Well folks, at last I've done it!

Placed my order last night & should be in hand very soon :thumb:

Looking forward to playing, cant wait...lol

I will be selling off a number of my 95-99.9% full Swissvax & ZYm01 waxes as I dont anticipate needing 'em all...so once arrived I'll be posting a list & prices in the Personal Sales section


----------



## Bigpikle (May 21, 2007)

enjoy :thumb:

before this kicks off into a huge "how much..." thread again, I'll say congrats and wish it was sat on my shelf, as its really a very good product IMHO


----------



## nortonski (Jul 10, 2007)

thanks bud!

I tried it about 18 months back & really liked the finish, just need to try & justify the expenditure to the 'boss' now...lol


----------



## flyfs6 (Nov 13, 2006)

Congrats from me too. Very nice product indeed. No dount you'll enjoy it lots.


----------



## Dave KG (Feb 23, 2006)

Its a milestone... for all folk say (including me ) that expensive waxes dont offer anything extra to the finish, put this aside for one second and simply enjoy the fact you have an exclusive product. Nice purchase, well done, and enjoy it as much as you can - irrespective of on paper performance, you have yourself a special and highly valued wax


----------



## Mr Face (Jan 22, 2009)

nortonski said:


> Well folks, at last I've done it!
> 
> Placed my order last night & should be in hand very soon :thumb:
> 
> ...


Hi Nortonski :thumb: you have a very needy new best friend just a few miles north of you who will be looking you up very soon :lol::lol::lol:

Congratulations fella, I am indeed chuffed for you :thumb: you obviously havent had to explain this purchase to the Mrs yet so enjoy it while you can.

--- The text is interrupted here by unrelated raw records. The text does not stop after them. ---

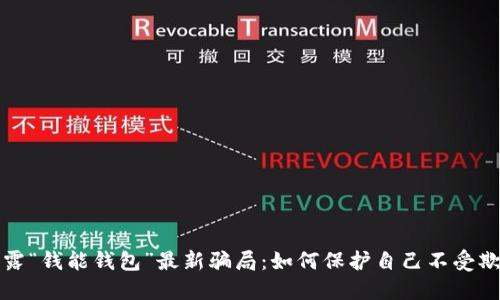 揭露“钱能钱包”最新骗局：如何保护自己不受欺诈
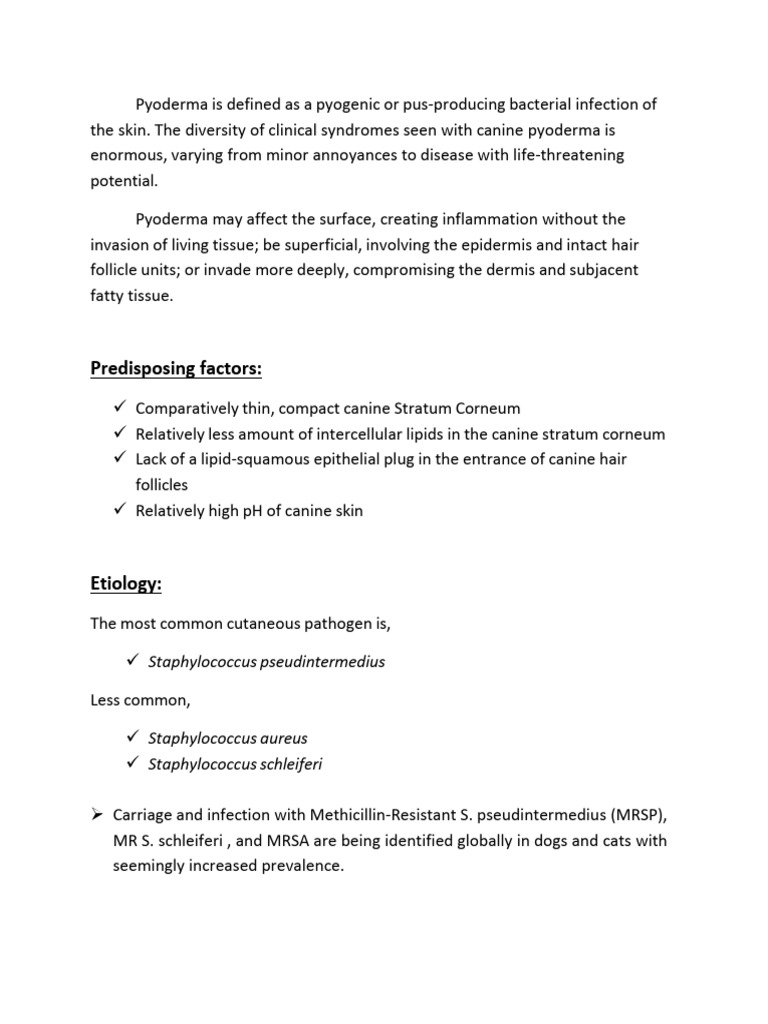 Pyoderma Case Review-1 - 1 | PDF | Staphylococcus | Skin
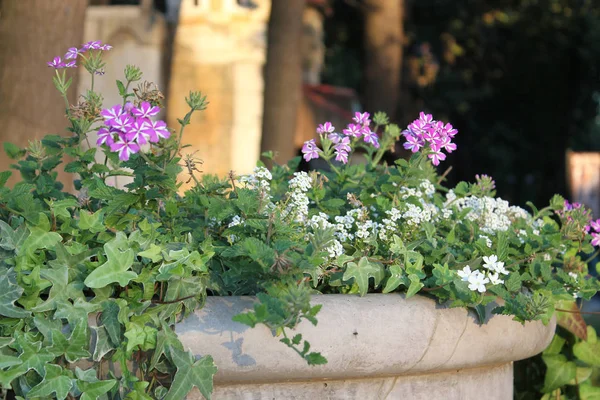 Flores Parque Cidade Flores Vaso Pedra Luz Sol — Fotografia de Stock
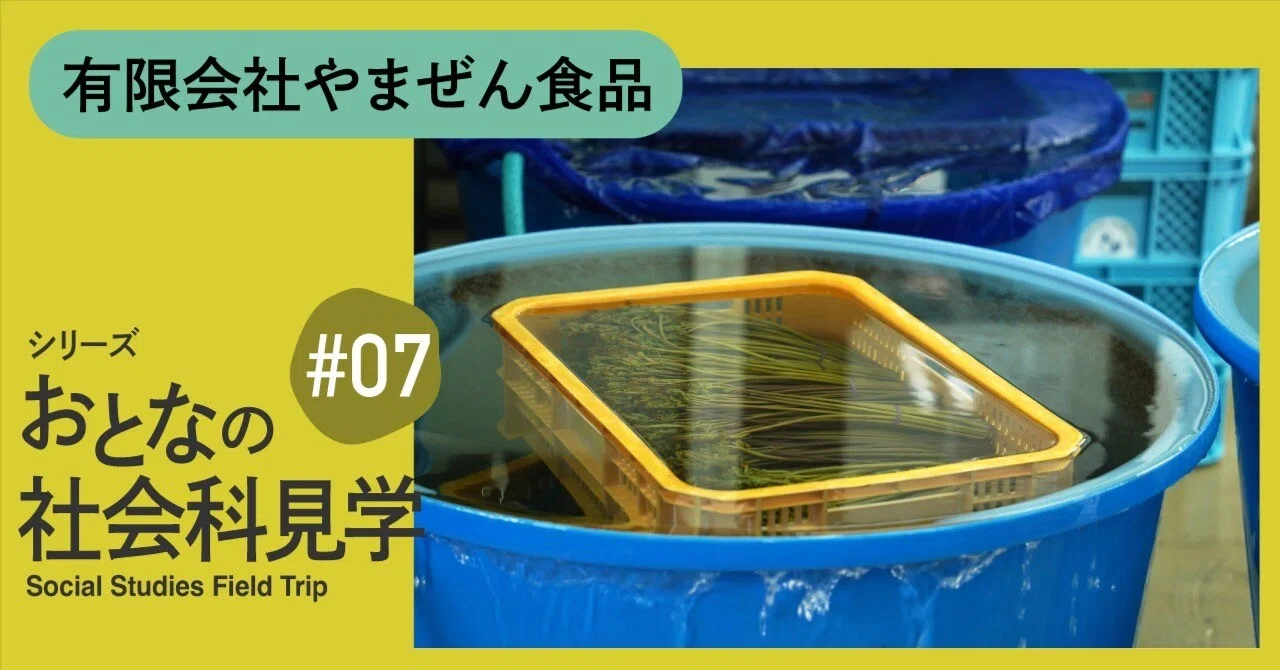 真工房様専用 山菜 楽天市場】【マラソン期間限定9月24日まで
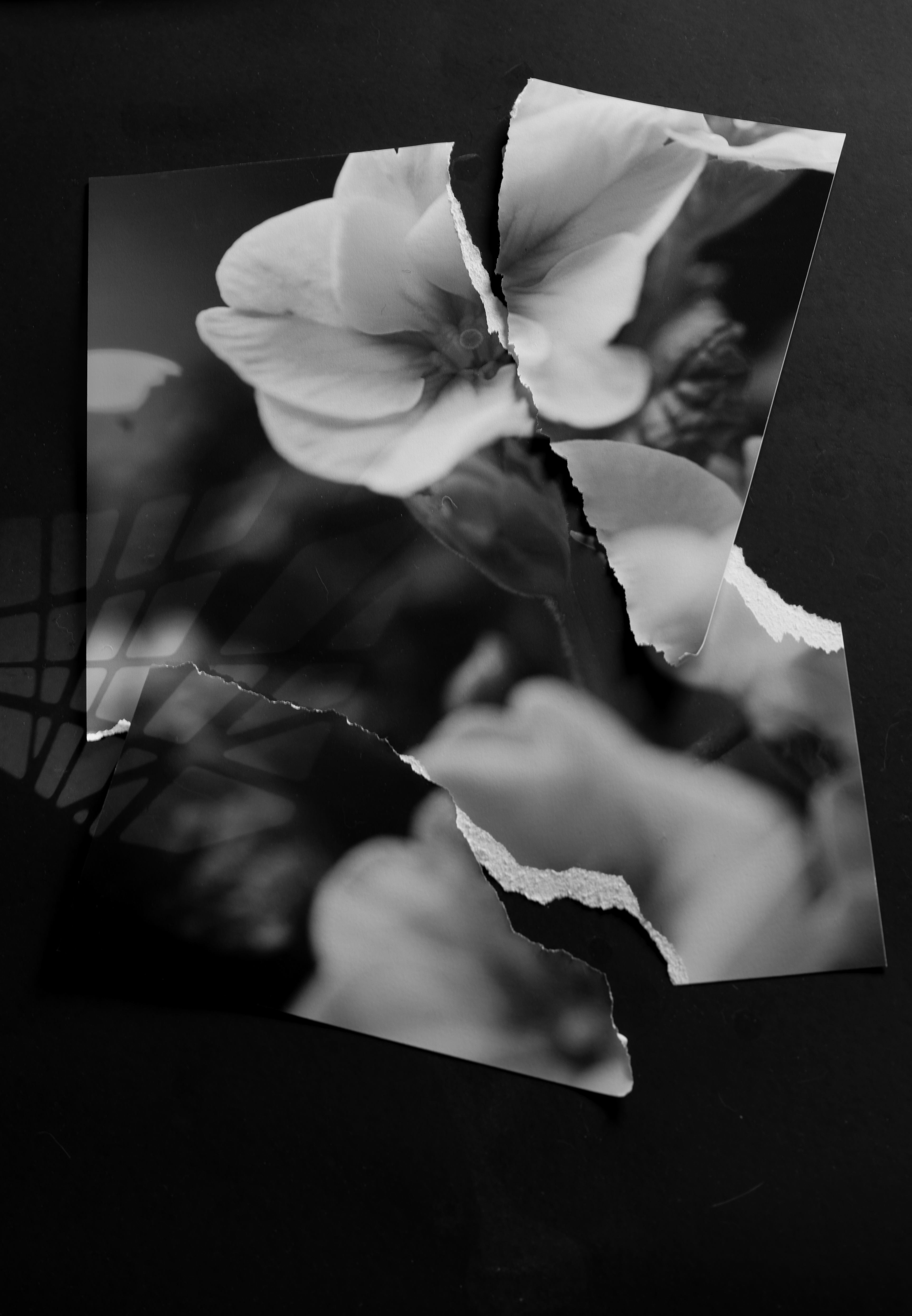 02-Feb Primrose.  Fragile arrival.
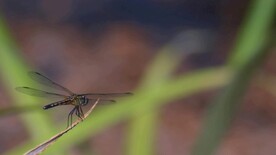 近距离拍摄起飞蜻蜓动作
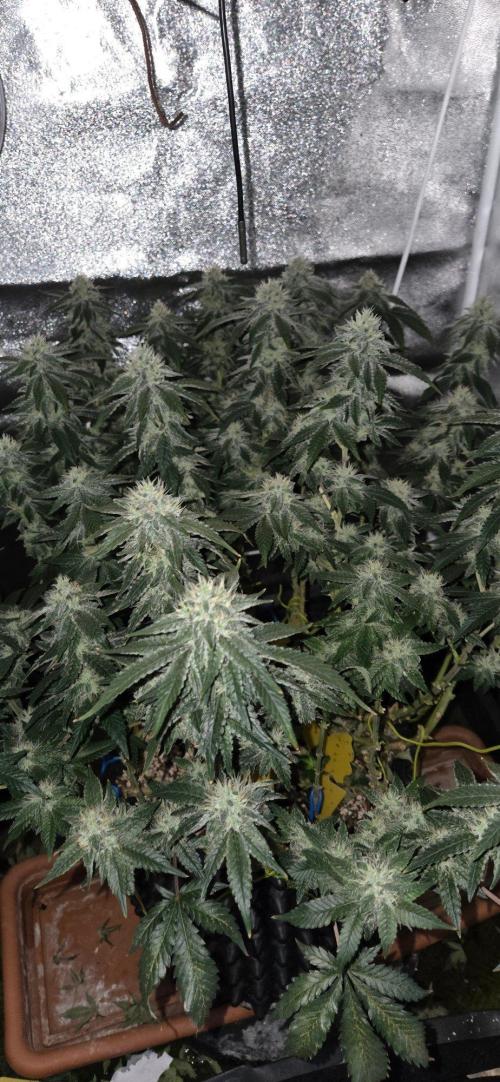 Big Buddha Cheese. Week 18
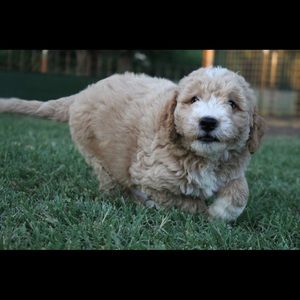 Meet your Posher, Karla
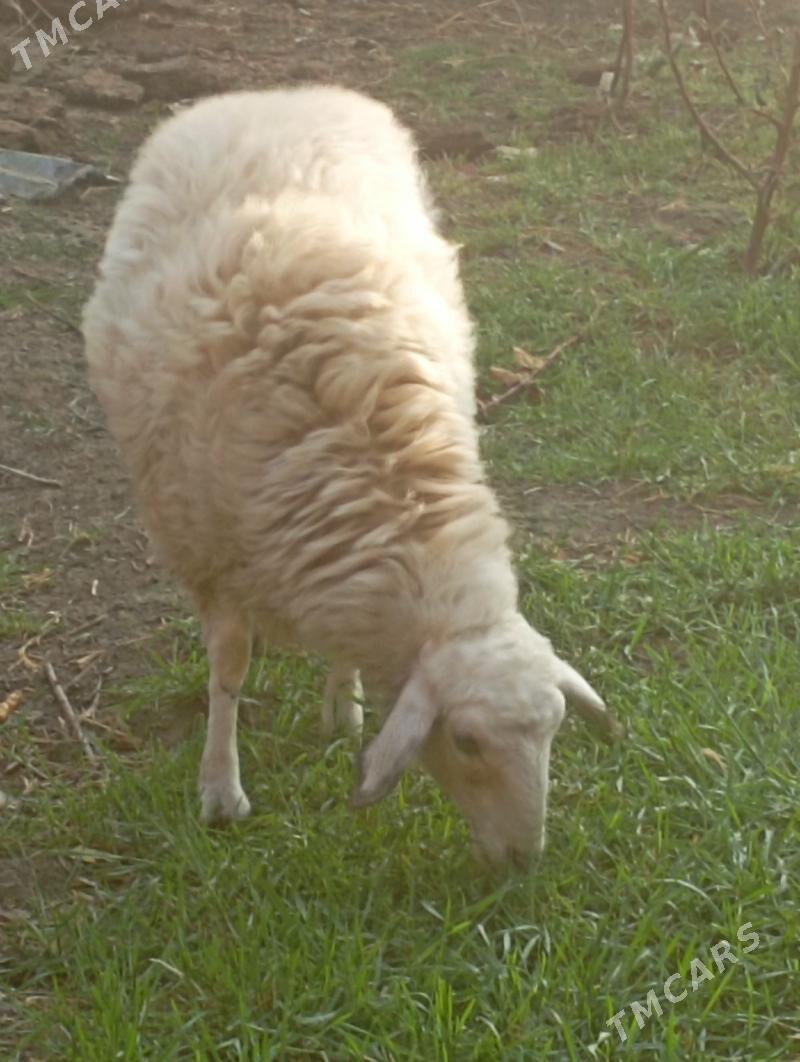 гойун - Çärjew - img 2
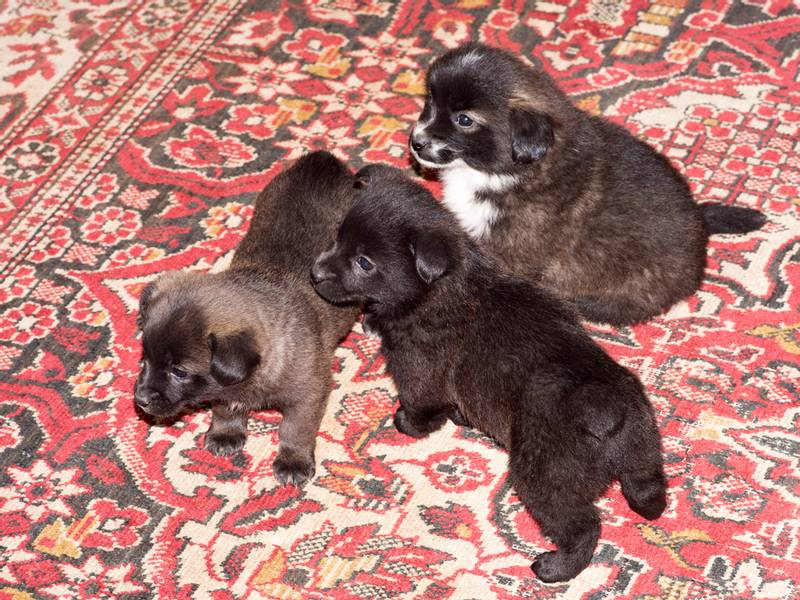 Якщо ви не можете залишити собаку у себе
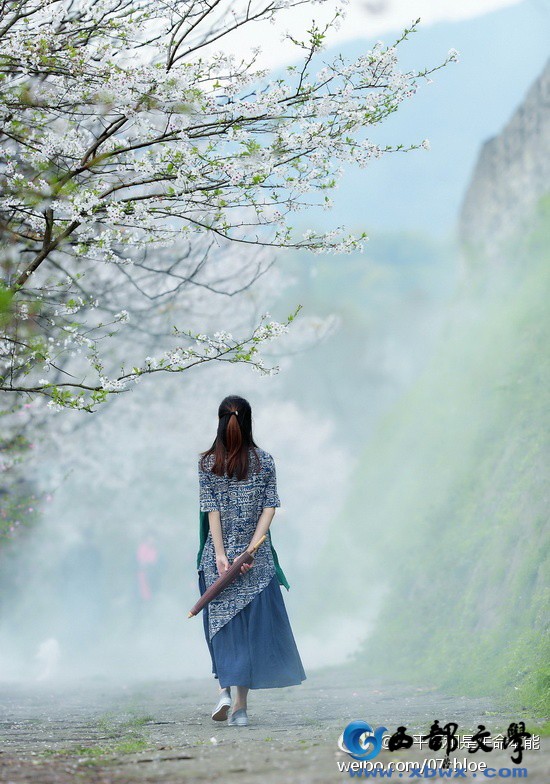 背影6.jpg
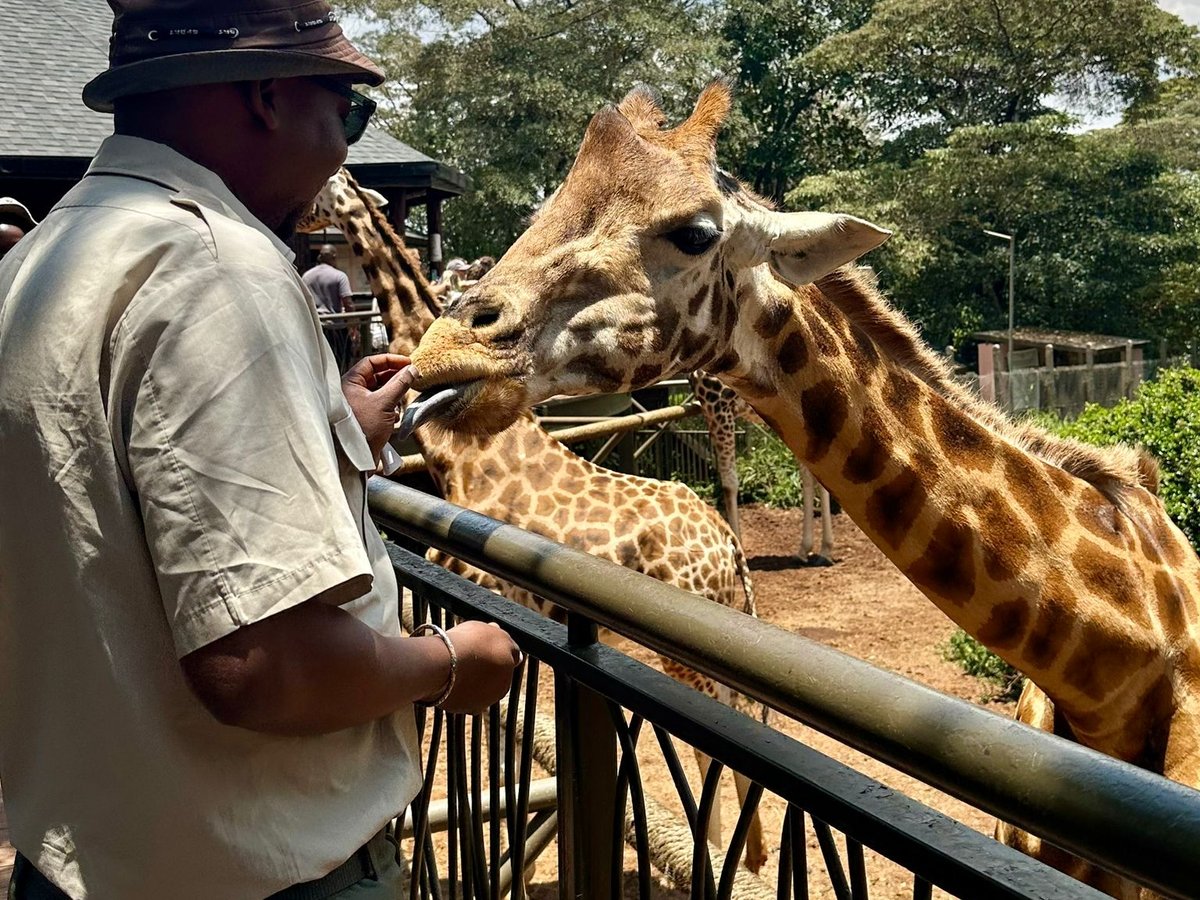 Nairobi City Tour — Giraffe Centre & Karen Blixen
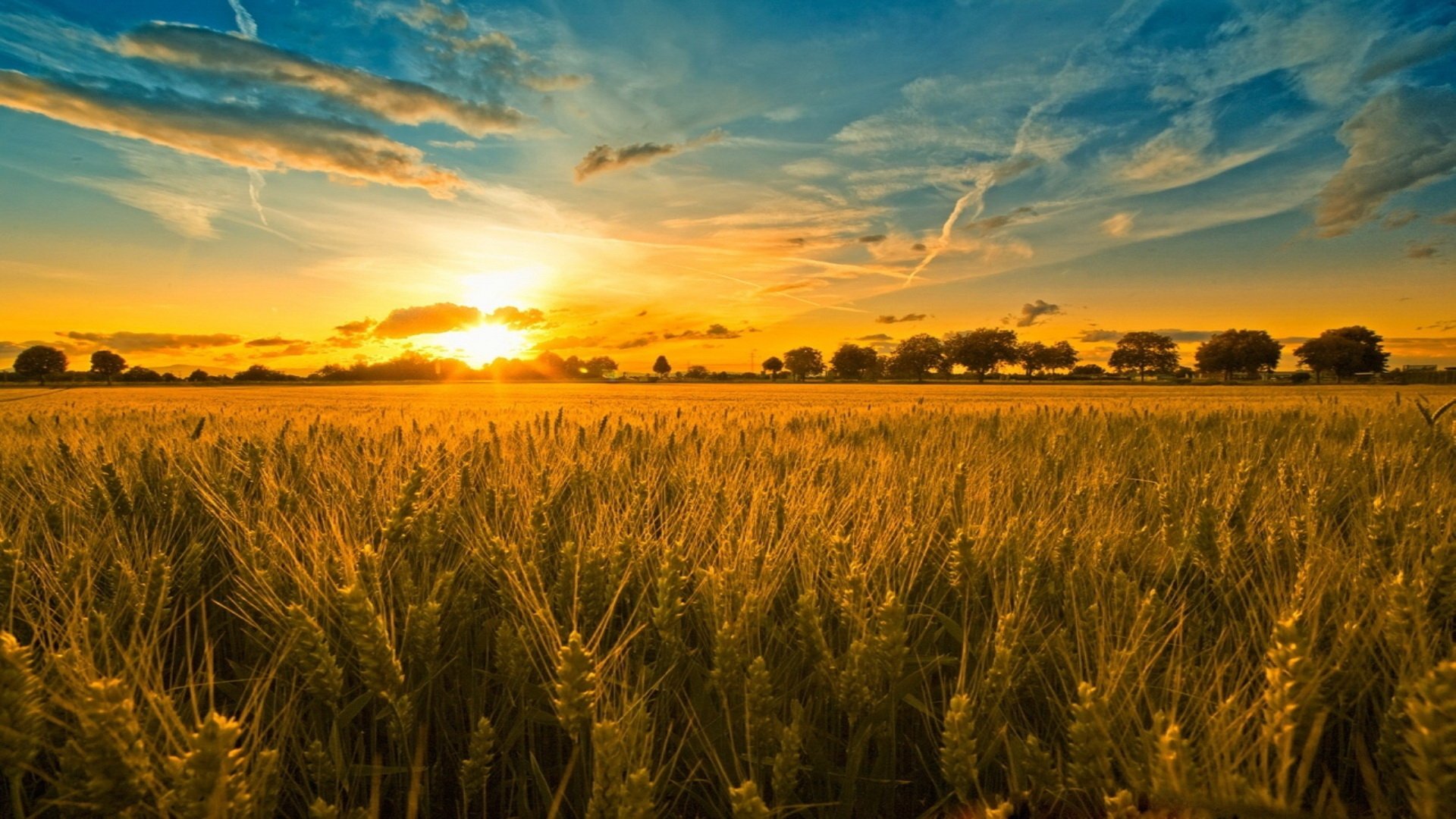 Download Nature Cornfield HD Wallpaper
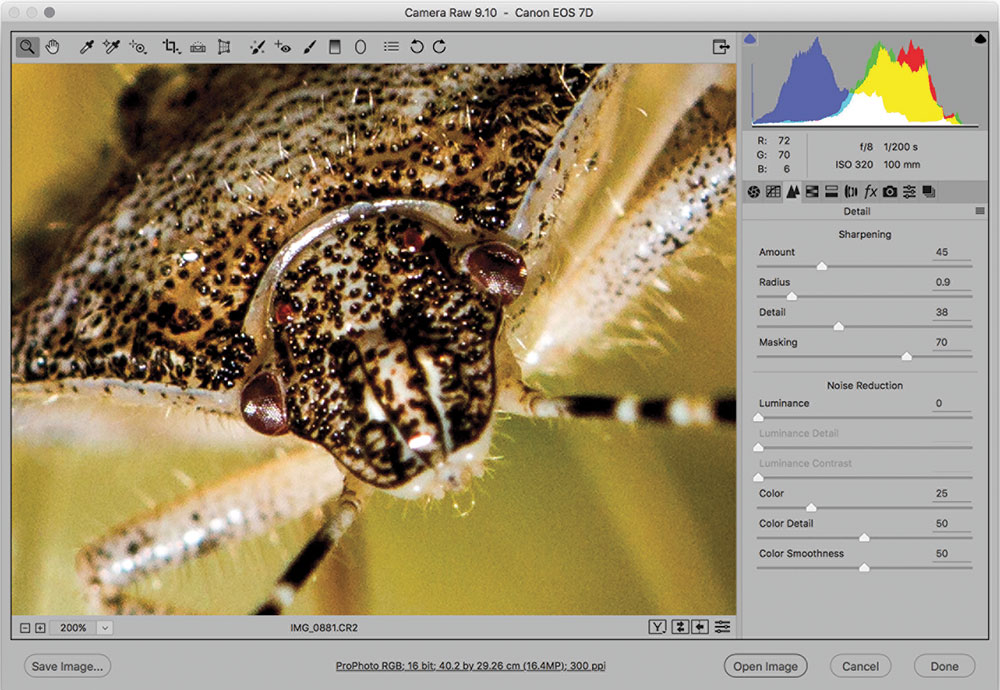 Photo editing tips How to optimise sharpness Amateur Photographer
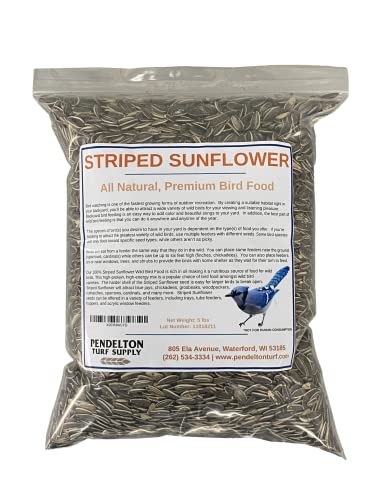 Pendelton Turf Supply Striped Sunflower | All-Natural, Premium Bird Food (5 lb Resealable Bag)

Looking forward to seeing what comes up in the "for sale" section, I might indulge myself in some quality second hand goodies

Nice One:thumb:


----------



## craig06typer (Oct 11, 2008)

Isnt this stuff about 6k???:doublesho:doublesho


----------



## yetizone (Jun 25, 2008)

craig06typer said:


> Isnt this stuff about 6k???:doublesho:doublesho


No - its only about £1800 IIRC...!:lol:

Congrats on a wonderful purchase, having used the lower end Zym0l's (Titanium & Glasur) I'm sure it will be superb to use in every way. Good stuff - wish it was in my cupboard..!


----------



## craig06typer (Oct 11, 2008)

yetizone said:


> No - its only about £1800...!:lol:
> 
> Oh thats a bargain then
> :lol:


----------



## nortonski (Jul 10, 2007)

Bargain indeed in comparison to the Royale or Solaris:lol:

Only thing is that I LOVE the smell of their other waxes & Swissvax's imparticular, just a shame Vintage's not quite so pungent


----------



## rossdook (Aug 20, 2008)

Oh, you lucky lad!

Vintage is number one on my wish list....


----------



## A20 LEE (Feb 20, 2007)

Hope you enjoy your purchase.


----------



## ads2k (Jul 12, 2006)

Very nice purchase ...... Enjoy it :thumb:


----------



## nortonski (Jul 10, 2007)

Thanks for the comments folks, really looking forward to it!


----------



## nick_mcuk (Jan 4, 2008)

Jesus do you rob banks for a living?? 

2k on a wax...you must be radio rental!!!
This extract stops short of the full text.